How to improve spatial join?

I am running this spatial join, for two polygon layers around 25 millions rows against 400 rows. I have checked for invalid geometries and no one appears..

I have set the storage as external and created index in the geom fields as gist.

table1_field1_idx (btree , not clustered, field1)
table1_geom_idx (gist, not clustered, geom)
table2_geom_idx (gist , not clustered, geom)
table2_ogc_fid_idx (btree , not clustered, ogc_fid)

Query plan

Nested Loop Inner Join 2. Seq Scan on table2 as att 3. Bitmap Heap Scan on ltable1 as g Recheck Cond: (g.geom && att.geom) 4. Bitmap Index Scan using table1_geom_idx Index Cond: (g.geom && att.geom)

but the performance is really poor, last tries before server disconnect spend more than 20 hours before failed because server disconnection.

I am working with postgresql 11 postgis, i have tried from both local and remote desktop in an aws instance and performance in both is similar.

SELECT g.field1,
    att.ogc_fid,
    st_intersection(g.geom, att.geom) AS intersect_geom,
    st_area(g.geom) AS geom_area,
    st_area(st_intersection(g.geom, att.geom)) AS intersect_area
   FROM table1 g
     JOIN table2 att ON g.geom && att.geom;

After going around I also have tried with subqueries but not sure if that will work work:

WITH g AS (
         SELECT field1,
            count(*) AS num_polygons,
            table1.geom
           FROM table1
          GROUP BY table1.field1, table1.geom
        )
SELECT g.field1,
    att.field2,
    st_intersection(g.geom, att.geom) AS intersect_geom,
    st_area(g.geom) AS geom_area,
    st_area(st_intersection(g.geom, att.geom)) AS intersect_area
   FROM g
     JOIN table2 att ON g.geom && att.geom
     WHERE ST_IsValid(att.geom) AND ST_IsValid(g.geom);

I would like to improve the performance any help would be apreciated.

Solution

This answer assumes that the geometry columns are properly indexed, e.g. using gist:

CREATE INDEX idx_tb1_geom ON table1 USING gist (geom);
CREATE INDEX idx_tb2_geom ON table2 USING gist (geom);

Your query is spatially joining two tables with 400 and 25 million records without a WHERE clause, which means that it is possible that it might return the Cartesian product of both tables.
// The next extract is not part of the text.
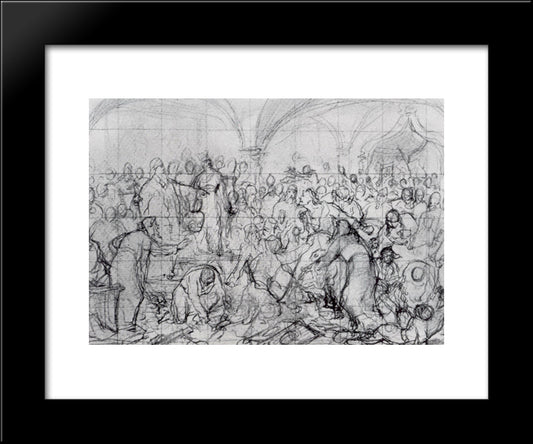 Nikita Pustosvyat. The Dispute About The Faith 20x24 Black Modern Wood Framed Art Print Poster by Perov, Vasily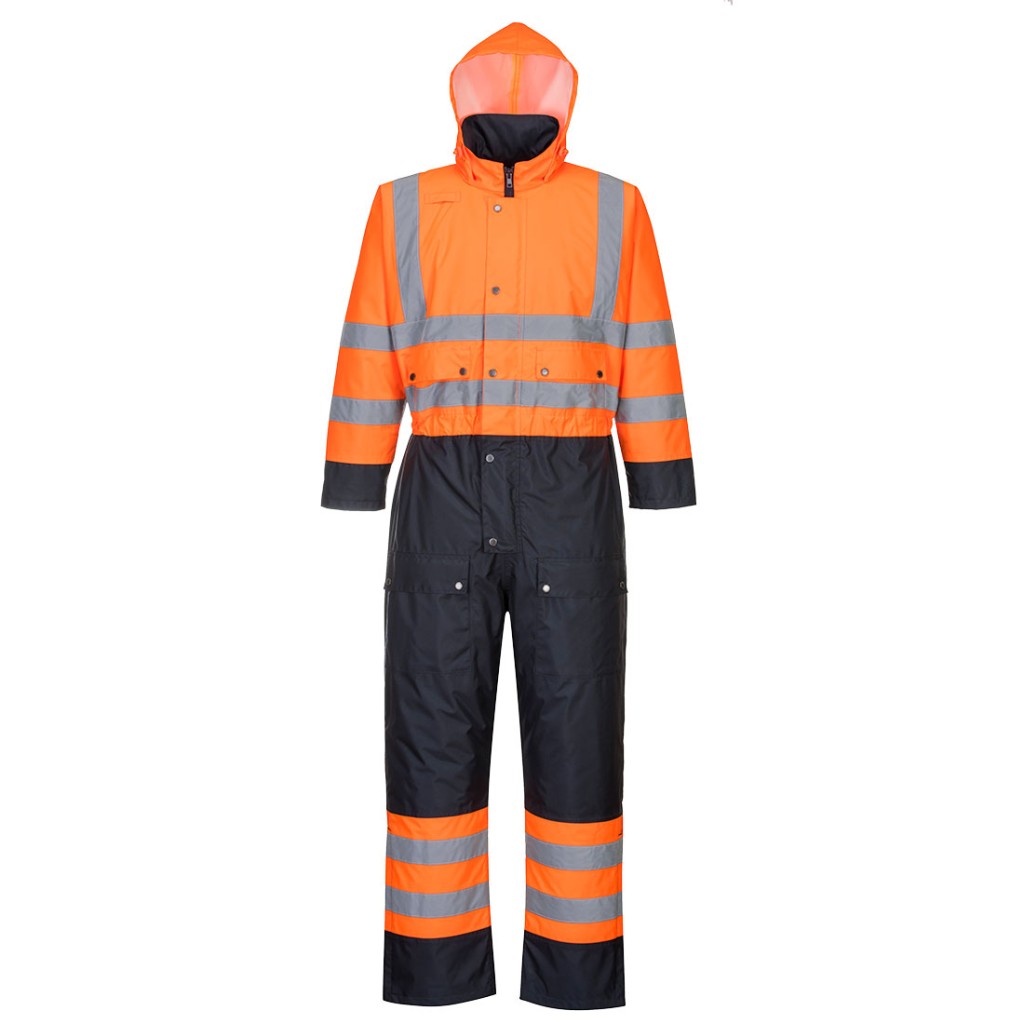 A high-visibility orange coverall featuring retroreflective tape panels, suitable for a wide range of outdoor and site work applications.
And this is a huge result set!

I reproduced your environment with table1 containing 403 records and table2 5 million records and it works in a pretty resealable speed. To make my point, if we simply count the amount of geometries that overlap (without actually retrieving them) the query runs pretty fast:

EXPLAIN (ANALYSE,COSTS OFF)  
SELECT count(att.*)
FROM table1 g
JOIN table2 att ON g.geom && att.geom;
                                            QUERY PLAN                                             
---------------------------------------------------------------------------------------------------
 Aggregate (actual time=516.299..516.300 rows=1 loops=1)
   ->  Nested Loop (actual time=6.118..501.909 rows=281212 loops=1)
         ->  Seq Scan on table1 g (actual time=0.060..0.312 rows=403 loops=1)
         ->  Bitmap Heap Scan on table2 att (actual time=0.187..1.198 rows=698 loops=403)
               Recheck Cond: (g.geom && geom)
               Heap Blocks: exact=279398
               ->  Bitmap Index Scan on idx_tb2_geom (actual time=0.108..0.108 rows=698 loops=403)
                     Index Cond: (geom && g.geom)
 Planning Time: 0.505 ms
 Execution Time: 519.337 ms

Notice that the query filtered 281212 geometries in 519ms, which is not the worst performance for the amount of data. However, the picture would be a lot different if you decide to retrieve these 281212 geometries, as you'd then have other bottlenecks, such as memory available and network speed.

As a rule of thumb: never bring the data to the software, but the software to the data! Meaning that you should try to process your data as much as you can in the database before loading it into your application.